FWI predicts how severe a fire is — not where one starts
In the Karst, 52% of fires are human-caused, 97.3% ignite below Europe's generic "High" FWI threshold, and 71% start with FWI below the median. A weather index alone detects only ~29% of them — so the KFWI adds a second component: where a fire is likely to start.
ML ignition probability
A spatial-temporal machine-learning model (AUC 0.934) predicts where a fire is likely to ignite — independent of the weather, but capturing seasonal patterns.

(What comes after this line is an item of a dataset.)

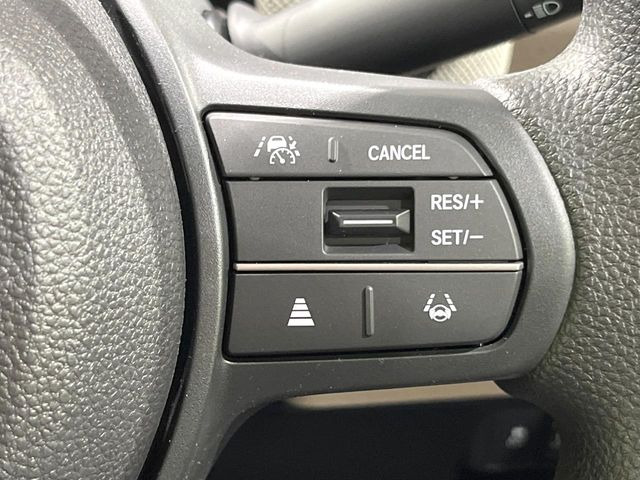 【アダプティブクルーズコントロール】高速道路での長距離走行が楽に!!自動で速度を保つクルーズコントロールが、衝突軽減システムと連携し、前方の車両を感知して車間を保つように速度調節してくれます!!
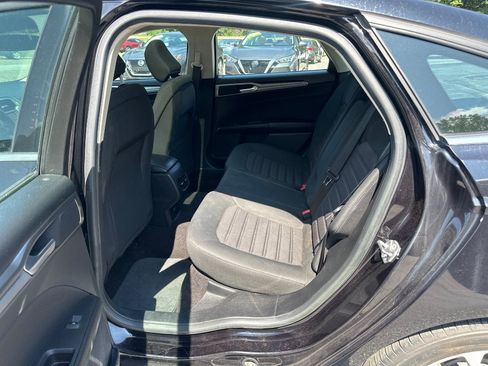 Used 2020 Ford Fusion SE FWD image 15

FWI severity classification
The Fire Weather Index — from live Copernicus-backed weather — rates how severe a fire would be if it ignited, using Karst-calibrated thresholds instead of the generic European EFFIS bins.
Key scientific findings
Hotspot memory dominates. Fires recur in the same places (Sgonico–Monrupino–Basovizza) — spatial memory is the strongest predictor.
Railways beat roads. Railway proximity (26%) outweighs road proximity (16%) — likely electrical sparks from trains and power lines.

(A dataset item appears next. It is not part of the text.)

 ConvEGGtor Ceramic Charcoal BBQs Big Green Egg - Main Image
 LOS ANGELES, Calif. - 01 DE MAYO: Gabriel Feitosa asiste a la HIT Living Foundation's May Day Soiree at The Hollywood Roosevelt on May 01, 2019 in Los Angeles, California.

Human fires are more predictable. 84.9% detection for anthropogenic ignitions vs 66.2% for lightning.
EFFIS thresholds miss the Karst. 97.3% of fires occur below the European "High" threshold — local calibration is essential.
FWI ≠ occurrence. 71% of fires start with FWI below the median; FWI is excellent for severity, poor for ignition.
Seasonality, fixed. A corrected temporal sampling (Phillips et al. 2009) lifted summer-vs-winter contrast from 0% to +38.8% and AUC from 0.918 to 0.934.